Supplied material:
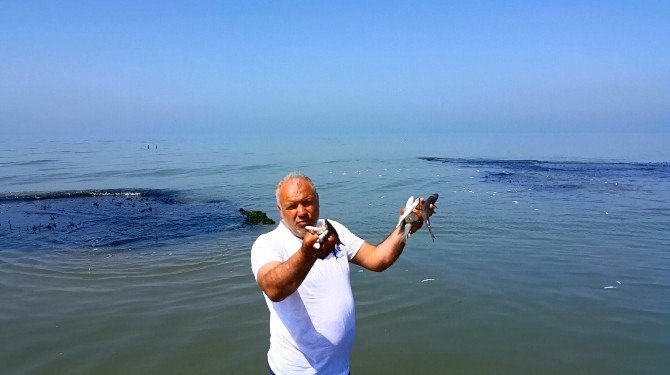 Mersin’de Sahile Binlerce Ölü Balık Vurdu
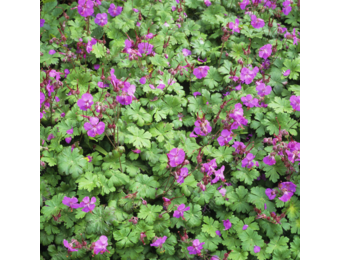 Geranium cantabrigiense 'Cambridge'
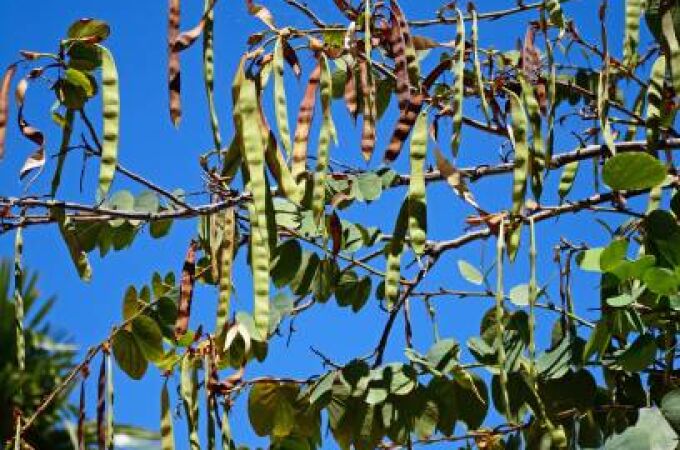 ¿Para qué sirve el algarrobo? El árbol mediterráneo que fue "comida de pobres" y huele a semen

What you will do:
Write the listing out exactly, apart from its pictures.

Completed exercise:
 Mersin’de Sahile Binlerce Ölü Balık Vurdu
 Geranium cantabrigiense 'Cambridge'
 ¿Para qué sirve el algarrobo? El árbol mediterráneo que fue "comida de pobres" y huele a semen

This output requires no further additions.